I was doing a bit of maintenance over the weekend on the board and noticed a new feature called Marketplace in my Admin Control Panel. vBulletin apparently teamed with Panjo to permit boards to host a marketplace where people can sell stuff on the board more easily. Here's a list of features for sellers:

Features (click on the Sellers and Buyers features tabs)

You can access the Market Place by clicking on the *Classifieds* link at the top of the page.

The current system of selling items has been on a Members Only forum thereby limiting the visibility of your item.

I've locked the marketplace down to limit sellers to "Members Only" status. Thus, you'll need a minimum number of posts to have the ability to sell items but anyone on the Internet can buy an item.

I actually think this could be very useful for small publishers to sell their books and other periodicals. At this point, I've only created one category for Selling (Books and Periodicals) because I can't really see why anyone would want to sell other items here that they couldn't sell on EBay but I will entertain other categories if a compelling case is made.

Just a few rules and disclaimers:

1. This board takes no responsibility for the accuracy of a listing or any other issue related to the sale of an item. The buyer needs to work any issues out with the Seller and the board cannot be held liable for fraud.

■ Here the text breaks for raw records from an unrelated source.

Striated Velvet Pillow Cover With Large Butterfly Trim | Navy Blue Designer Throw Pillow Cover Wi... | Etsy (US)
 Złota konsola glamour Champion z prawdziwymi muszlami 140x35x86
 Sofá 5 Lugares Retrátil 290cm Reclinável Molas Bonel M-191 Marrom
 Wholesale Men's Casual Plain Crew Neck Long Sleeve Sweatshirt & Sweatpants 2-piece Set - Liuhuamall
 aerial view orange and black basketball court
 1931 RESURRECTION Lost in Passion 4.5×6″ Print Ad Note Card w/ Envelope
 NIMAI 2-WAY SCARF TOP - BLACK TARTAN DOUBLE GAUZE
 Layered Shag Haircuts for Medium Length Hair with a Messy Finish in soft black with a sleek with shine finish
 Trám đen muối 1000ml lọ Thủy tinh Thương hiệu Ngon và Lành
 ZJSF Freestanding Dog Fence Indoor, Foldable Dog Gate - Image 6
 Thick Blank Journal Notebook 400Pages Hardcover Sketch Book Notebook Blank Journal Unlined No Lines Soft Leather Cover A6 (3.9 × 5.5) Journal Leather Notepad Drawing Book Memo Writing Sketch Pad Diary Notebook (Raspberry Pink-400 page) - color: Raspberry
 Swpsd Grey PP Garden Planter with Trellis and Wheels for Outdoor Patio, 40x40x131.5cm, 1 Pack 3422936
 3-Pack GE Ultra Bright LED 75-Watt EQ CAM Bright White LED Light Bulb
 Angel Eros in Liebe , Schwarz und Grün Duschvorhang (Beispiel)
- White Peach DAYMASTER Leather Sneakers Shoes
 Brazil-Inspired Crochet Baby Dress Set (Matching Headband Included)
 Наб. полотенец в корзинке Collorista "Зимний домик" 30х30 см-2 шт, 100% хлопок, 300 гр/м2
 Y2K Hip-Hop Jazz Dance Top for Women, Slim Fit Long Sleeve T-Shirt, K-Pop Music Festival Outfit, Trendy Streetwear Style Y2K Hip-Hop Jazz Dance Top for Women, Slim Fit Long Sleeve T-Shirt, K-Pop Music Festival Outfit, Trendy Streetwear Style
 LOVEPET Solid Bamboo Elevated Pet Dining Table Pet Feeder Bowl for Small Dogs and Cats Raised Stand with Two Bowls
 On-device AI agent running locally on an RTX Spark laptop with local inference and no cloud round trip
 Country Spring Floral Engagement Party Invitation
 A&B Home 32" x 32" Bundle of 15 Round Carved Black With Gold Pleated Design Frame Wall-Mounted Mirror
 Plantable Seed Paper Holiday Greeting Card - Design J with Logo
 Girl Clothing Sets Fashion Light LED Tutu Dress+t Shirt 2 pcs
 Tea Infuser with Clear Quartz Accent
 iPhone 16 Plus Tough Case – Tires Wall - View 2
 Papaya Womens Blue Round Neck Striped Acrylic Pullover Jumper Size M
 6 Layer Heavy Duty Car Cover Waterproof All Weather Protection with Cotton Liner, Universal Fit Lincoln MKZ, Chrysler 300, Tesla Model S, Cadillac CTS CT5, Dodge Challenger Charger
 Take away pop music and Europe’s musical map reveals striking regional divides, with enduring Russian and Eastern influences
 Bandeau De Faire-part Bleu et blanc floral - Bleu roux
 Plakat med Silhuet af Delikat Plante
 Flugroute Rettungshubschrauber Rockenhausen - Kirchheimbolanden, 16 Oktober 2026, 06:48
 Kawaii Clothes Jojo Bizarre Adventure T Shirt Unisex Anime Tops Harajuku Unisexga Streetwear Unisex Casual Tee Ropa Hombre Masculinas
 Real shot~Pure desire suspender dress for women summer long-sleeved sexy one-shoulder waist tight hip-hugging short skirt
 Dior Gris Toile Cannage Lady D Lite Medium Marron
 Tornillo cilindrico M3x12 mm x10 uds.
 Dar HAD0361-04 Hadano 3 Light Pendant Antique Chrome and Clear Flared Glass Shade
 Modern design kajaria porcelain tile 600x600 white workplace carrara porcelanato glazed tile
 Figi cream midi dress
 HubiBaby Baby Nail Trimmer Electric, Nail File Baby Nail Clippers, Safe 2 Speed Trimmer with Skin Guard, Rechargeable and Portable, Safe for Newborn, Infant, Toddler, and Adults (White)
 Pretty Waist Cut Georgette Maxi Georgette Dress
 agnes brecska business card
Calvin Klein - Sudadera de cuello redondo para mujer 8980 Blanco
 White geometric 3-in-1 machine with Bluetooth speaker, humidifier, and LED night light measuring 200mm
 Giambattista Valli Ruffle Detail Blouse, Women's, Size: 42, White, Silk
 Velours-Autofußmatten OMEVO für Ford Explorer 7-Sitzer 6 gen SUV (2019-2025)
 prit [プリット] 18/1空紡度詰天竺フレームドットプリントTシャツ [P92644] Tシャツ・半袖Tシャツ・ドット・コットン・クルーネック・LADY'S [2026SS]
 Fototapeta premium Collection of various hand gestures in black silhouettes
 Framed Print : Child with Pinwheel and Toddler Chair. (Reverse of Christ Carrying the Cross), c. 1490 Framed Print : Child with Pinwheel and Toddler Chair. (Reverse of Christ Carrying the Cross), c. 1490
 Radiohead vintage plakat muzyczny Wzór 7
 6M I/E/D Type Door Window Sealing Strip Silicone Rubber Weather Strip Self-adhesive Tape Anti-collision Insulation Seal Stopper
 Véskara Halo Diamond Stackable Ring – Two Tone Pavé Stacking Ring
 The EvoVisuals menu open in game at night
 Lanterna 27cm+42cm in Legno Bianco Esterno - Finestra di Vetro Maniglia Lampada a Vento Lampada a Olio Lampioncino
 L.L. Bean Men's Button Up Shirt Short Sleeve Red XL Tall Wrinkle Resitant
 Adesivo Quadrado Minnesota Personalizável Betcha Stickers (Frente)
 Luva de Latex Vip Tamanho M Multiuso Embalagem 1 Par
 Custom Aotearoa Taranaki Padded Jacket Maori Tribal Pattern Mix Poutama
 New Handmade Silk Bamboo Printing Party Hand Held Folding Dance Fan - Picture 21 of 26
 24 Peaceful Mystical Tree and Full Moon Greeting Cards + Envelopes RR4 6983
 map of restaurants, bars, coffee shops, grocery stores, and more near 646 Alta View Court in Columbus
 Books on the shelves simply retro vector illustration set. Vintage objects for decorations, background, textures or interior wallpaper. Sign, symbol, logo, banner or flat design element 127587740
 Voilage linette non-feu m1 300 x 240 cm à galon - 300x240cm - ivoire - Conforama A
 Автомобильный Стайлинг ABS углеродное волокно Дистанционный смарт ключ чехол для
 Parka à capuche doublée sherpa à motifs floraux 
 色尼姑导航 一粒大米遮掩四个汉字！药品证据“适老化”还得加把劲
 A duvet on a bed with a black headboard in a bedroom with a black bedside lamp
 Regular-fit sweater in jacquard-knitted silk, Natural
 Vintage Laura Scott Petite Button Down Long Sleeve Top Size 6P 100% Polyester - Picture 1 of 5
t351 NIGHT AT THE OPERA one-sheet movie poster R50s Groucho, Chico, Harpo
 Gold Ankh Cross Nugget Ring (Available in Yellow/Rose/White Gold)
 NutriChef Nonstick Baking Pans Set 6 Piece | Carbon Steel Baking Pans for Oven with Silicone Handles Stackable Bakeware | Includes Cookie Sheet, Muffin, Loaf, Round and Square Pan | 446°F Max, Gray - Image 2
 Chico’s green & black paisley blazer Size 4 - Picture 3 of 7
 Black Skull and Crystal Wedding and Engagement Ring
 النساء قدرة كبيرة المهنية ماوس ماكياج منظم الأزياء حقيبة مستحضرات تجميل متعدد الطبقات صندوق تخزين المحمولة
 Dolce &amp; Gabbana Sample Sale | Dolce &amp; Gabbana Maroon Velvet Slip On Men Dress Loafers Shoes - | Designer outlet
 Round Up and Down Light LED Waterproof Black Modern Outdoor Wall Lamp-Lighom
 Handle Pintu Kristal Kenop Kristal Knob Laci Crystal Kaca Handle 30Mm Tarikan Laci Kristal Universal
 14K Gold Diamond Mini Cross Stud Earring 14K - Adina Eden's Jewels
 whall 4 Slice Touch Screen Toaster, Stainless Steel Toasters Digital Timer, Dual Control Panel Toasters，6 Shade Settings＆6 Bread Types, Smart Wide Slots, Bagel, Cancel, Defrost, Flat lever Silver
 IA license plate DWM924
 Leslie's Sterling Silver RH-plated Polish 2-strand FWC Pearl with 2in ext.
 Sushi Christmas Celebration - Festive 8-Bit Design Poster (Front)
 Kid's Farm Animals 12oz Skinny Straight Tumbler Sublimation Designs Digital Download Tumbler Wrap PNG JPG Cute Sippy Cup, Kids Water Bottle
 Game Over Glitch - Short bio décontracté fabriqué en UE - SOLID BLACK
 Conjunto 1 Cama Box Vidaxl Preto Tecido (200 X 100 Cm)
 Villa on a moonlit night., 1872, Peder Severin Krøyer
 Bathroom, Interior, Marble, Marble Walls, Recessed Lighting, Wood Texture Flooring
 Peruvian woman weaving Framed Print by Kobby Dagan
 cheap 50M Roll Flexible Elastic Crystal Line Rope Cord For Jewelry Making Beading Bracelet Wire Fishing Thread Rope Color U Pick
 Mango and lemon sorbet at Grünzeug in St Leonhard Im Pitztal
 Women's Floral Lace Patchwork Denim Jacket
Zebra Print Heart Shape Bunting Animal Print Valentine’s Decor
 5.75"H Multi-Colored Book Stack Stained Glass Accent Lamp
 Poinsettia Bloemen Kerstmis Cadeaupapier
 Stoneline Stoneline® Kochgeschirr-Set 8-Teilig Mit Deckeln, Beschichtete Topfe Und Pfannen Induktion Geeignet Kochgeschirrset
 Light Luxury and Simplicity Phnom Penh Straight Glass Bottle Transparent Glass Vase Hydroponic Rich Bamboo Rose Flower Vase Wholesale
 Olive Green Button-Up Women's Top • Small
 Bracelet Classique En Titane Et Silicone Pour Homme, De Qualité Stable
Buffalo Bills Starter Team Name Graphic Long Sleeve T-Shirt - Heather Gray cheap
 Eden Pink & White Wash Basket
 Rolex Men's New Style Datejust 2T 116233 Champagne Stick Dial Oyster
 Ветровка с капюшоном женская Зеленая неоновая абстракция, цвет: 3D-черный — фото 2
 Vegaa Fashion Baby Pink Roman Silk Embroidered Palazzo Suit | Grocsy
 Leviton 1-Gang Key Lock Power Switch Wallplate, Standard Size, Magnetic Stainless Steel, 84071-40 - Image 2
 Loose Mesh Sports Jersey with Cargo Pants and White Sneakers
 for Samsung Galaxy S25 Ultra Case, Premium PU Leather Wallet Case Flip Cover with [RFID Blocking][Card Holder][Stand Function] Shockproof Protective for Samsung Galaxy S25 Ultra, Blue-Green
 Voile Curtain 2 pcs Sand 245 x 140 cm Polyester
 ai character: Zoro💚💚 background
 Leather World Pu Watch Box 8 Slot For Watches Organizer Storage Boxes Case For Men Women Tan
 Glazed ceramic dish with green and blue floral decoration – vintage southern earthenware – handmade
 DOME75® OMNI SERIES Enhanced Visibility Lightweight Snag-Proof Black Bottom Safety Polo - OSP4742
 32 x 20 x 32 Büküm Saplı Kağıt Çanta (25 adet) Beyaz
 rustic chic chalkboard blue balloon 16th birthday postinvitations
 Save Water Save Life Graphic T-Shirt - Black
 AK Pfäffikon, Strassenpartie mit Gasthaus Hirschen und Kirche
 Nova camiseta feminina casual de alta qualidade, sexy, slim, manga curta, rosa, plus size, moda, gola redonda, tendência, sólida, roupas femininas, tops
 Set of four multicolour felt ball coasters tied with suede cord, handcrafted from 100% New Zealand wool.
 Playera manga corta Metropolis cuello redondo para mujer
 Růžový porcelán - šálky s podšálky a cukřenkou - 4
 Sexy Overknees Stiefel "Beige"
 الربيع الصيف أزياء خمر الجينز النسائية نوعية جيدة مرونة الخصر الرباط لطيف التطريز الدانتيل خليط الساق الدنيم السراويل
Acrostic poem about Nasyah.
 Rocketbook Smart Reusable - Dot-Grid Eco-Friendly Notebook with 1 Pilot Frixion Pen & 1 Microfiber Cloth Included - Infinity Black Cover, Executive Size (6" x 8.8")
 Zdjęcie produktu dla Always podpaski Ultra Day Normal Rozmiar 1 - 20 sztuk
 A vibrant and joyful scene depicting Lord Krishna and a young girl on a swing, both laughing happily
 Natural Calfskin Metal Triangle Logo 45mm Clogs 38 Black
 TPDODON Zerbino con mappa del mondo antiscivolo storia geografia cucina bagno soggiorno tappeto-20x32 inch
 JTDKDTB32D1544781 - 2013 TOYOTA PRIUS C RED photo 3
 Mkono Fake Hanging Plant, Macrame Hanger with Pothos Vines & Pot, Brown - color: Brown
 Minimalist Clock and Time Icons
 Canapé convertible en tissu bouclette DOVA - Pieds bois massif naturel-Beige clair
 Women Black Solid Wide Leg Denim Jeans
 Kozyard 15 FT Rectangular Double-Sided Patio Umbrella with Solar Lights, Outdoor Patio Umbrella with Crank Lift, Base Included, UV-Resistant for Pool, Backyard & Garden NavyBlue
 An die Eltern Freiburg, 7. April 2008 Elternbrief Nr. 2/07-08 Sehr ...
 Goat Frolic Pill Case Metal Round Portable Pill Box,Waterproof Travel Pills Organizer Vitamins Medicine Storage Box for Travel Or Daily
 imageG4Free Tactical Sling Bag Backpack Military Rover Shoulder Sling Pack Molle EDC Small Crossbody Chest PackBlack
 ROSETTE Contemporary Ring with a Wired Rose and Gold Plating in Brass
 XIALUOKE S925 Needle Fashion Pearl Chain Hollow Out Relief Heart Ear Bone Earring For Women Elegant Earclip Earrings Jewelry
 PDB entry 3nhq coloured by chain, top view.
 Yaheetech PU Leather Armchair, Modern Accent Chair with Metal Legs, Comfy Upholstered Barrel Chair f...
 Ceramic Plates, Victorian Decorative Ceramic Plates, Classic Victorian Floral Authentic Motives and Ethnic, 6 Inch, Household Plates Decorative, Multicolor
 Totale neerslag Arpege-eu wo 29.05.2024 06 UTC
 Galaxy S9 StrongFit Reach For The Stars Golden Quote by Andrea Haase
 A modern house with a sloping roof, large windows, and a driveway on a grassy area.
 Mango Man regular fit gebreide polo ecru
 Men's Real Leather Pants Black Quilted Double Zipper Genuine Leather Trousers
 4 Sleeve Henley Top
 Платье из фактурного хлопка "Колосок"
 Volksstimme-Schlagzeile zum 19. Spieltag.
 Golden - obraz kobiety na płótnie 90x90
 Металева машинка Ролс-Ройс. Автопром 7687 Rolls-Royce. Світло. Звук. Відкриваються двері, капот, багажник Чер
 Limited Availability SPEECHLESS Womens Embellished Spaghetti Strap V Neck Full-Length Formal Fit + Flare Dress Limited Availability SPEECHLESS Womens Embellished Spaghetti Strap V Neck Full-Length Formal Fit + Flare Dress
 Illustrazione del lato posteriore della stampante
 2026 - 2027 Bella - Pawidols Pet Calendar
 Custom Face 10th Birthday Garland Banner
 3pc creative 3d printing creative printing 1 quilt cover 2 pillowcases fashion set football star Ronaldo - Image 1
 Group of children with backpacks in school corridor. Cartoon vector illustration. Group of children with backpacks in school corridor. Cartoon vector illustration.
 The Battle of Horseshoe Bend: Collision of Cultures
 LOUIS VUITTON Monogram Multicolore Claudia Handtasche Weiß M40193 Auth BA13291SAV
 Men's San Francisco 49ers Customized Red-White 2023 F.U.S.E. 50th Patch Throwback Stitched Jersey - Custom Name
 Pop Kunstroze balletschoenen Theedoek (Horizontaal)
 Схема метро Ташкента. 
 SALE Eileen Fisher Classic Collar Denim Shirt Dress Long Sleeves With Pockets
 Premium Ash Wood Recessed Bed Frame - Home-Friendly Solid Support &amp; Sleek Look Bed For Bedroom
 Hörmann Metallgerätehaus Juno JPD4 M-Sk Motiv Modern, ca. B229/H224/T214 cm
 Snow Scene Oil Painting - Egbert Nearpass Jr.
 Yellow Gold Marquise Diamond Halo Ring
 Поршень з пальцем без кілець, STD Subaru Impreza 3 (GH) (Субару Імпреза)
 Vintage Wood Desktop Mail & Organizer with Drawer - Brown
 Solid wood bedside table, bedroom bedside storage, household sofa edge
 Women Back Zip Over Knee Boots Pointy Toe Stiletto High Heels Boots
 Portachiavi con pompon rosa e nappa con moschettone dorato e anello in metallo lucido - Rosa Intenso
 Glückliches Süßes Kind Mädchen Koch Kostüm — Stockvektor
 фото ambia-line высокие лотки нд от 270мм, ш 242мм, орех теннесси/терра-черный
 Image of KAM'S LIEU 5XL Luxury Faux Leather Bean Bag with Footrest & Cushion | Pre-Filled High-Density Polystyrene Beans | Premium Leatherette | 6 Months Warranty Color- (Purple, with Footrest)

2. That said, if I find out a person is committing fraud or otherwise breaking the law (copyright infringement) in the use of this marketplace then I will immediately suspend the user's account.

3. The Moderating team reserves the right to remove any listings that it deems inappropriate for any reason and certain listings may, in themselves, be deemed grounds for infraction or suspension.

OK, I'm not lawyer but I'll update the above as I need to. Bottom line: take advantage of the feature. It's pretty cool and I think we have enough of a niche in Reformed literature that this could be of tremendous value to publishers of Reformed materials.


----------



## NaphtaliPress (Oct 28, 2013)

I tried it out Rich. Do you know if it is a USA only marketplace? I didn't see any setting to limit as such so simply specified in the listing. You may want to note that listers who sell will be asked for a 1 percent commission payable to support the PB. A worthy cause.


----------



## Semper Fidelis (Oct 28, 2013)

I don't think there's a way to restrict it other than stating where one will ship to in the listing. I figured 1 percent was reasonable. 


Sent from my iPad using Tapatalk HD


----------